According to North Carolina historian Lindley Butler, "The structures channel the water through rapids and ledges that would have blocked the batteaux, each of which carried several tons of goods. Present-day recreational users enjoy the effects of these structures, which have been self-maintaining for over 130 years. The improvements enable us to float the Dan throughout Rockingham County even in times of extreme drought."

In this section, boaters will pass through Galloway's Lower Ford Sluice and Sneed Strong's Fish Dam Sluice. Two miles into the trip, on river left, was the Grief Wade Plantation where coal was mined during the Civil War and shipped by batteau to heat military prisons in Danville.

For four miles of the trip from nearly the beginning, participants will float past a large parcel on river right being developed by Piedmont Land Conservancy and the North Carolina Wildlife Commission for public use, including a riverside trail. The project will add significantly to Rockingham County's recreational amenities.

Just past the confluence of Buffalo Island Creek on river left, boaters will pass under the Harrington Highway Bridge. Nearby on river left, one may see a fine stand of river cane, the only bamboo native to the United States. It was common on the banks when William Byrd surveyed the "Dividing Line" in 1728, but now is gradually disappearing throughout much of the river's length.

Also entering from river left is Matrimony Creek, so named by Byrd because, like his marriage, it was "exceedingly noisy and impetuous." After a lunch break, boaters will reach Leaksville Landing, the only known batteau port remaining in the nation. Leaksville Landing Access is just downstream.

After drifting past Johnston's Landing, boaters will pass the site of the former Leaksville Covered Bridge, where a massive stone pier from the 1852 span survives, along with a 150-foot-long sluice wall on river right.

One of the last points of interest on the trip will be the confluence of the Smith River, which enters the Dan from river left. According to The Dan River Book by Forrest Altman, the North Fork of the Smith and the East Fork of the Dan rise on opposite sides of Mountain View Road on Belcher Mountain in Patrick County, Virginia, within sight of the Blue Ridge Parkway.
More information may be found on Maps 47-50 of An Insider's Guide to the Dan River. Both the Guide and Altman's book are available at www.danriver.org.

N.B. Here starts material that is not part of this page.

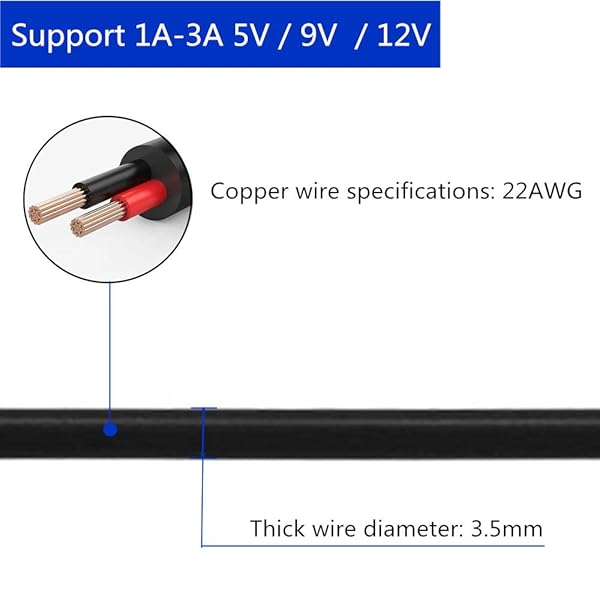 DZYDZR Buy DZYDZR 2pcs 1M DC Extension Cable 2.1mm x 5.5mm - L Type Male to Male, 22 AWG, Max 24V 3A - Durable Black Wire - View 4 of 7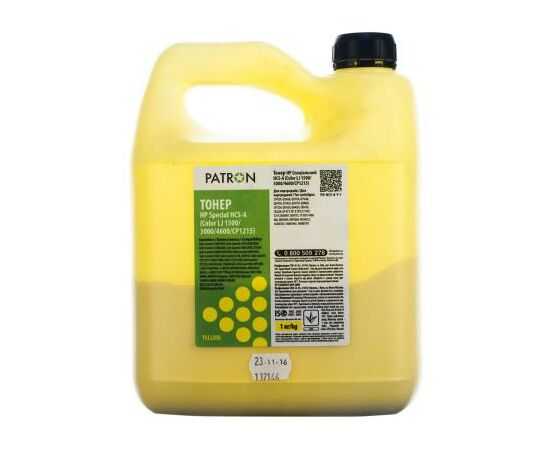 Тонер HP CLJ 1500/3000/4600/CP1215 HCS-A 1кг YELLOW Patron (PN-HCS-A-Y-1)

Participants in the outing are asked to bring boat and paddles, life jacket for each boater, lunch and water, to dress in layers of artificial (quick-drying) fabric and to sign a waiver.

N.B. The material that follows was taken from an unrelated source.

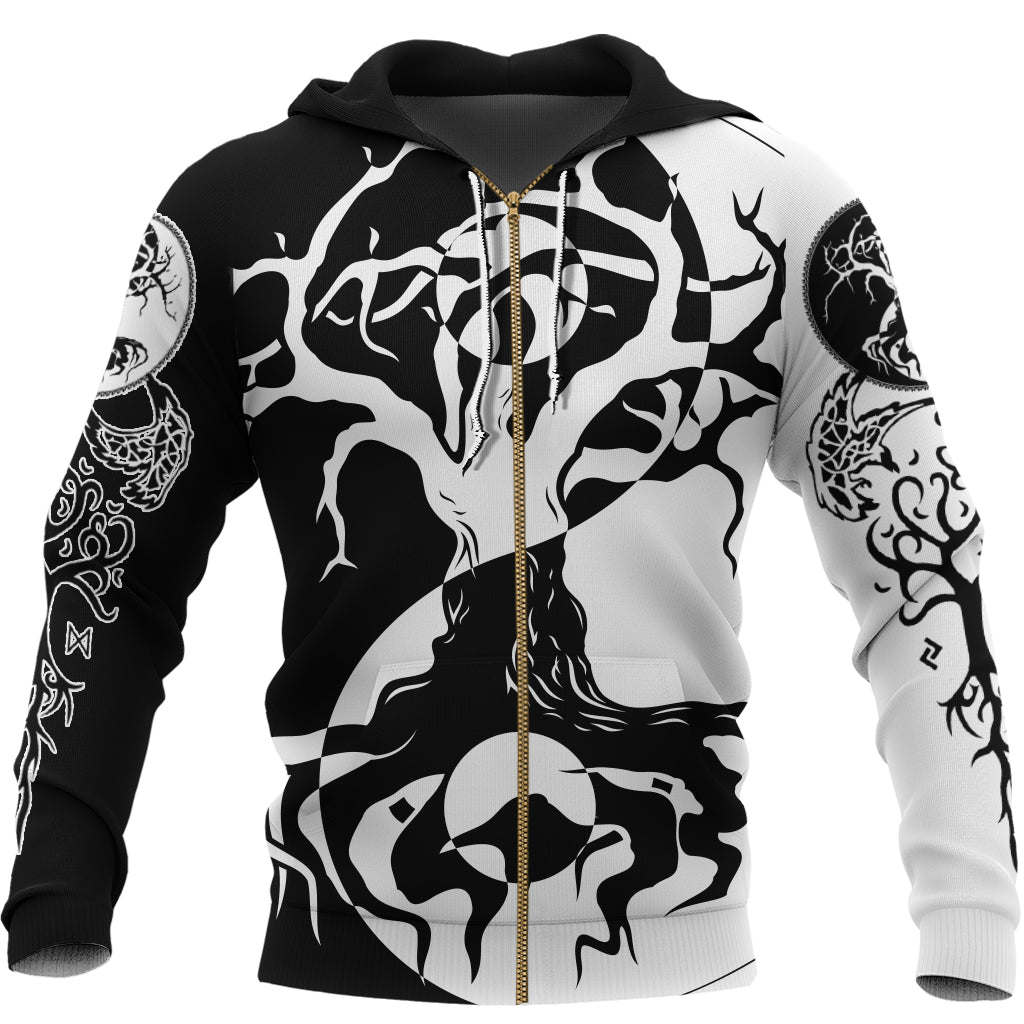 Viking Zip Hoodie - Ying Yang Celtic Tree RLT12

To reach Eden Wildlife Access from the north, travel south on NC 14 through the city of Eden. After crossing the Dan River, turn right at the traffic signal onto Harrington Highway. Take the first right, Bethlehem Church Road, turning right again at the Wildlife Access.

From the south, turn left off NC 14 onto Harrington Highway at the traffic signal just south of the Dan River. Turn right onto Bethlehem Church Road, then right to the Wildlife Access.
From the west, take NC 770 or NC 135 toward Eden. Turn right onto Harrington Highway and continue to Bethlehem Church Road. Turn left, and then right to the Wildlife Access.
From the northeast take US 58 to Danville's western city limit, turning left on Road 863 to Berryhill Community, where 863 becomes NC 770 West. Follow NC 770 West into Eden to NC 14. Turn left onto NC 14 and travel south through Eden, cross the Dan River and turn right at the traffic signal onto Harrington Highway. Take the first right, Bethlehem Church Road, turning right again at the Wildlife Access.

Outings and meetings of the Dan River Basin Association are open to the public without charge.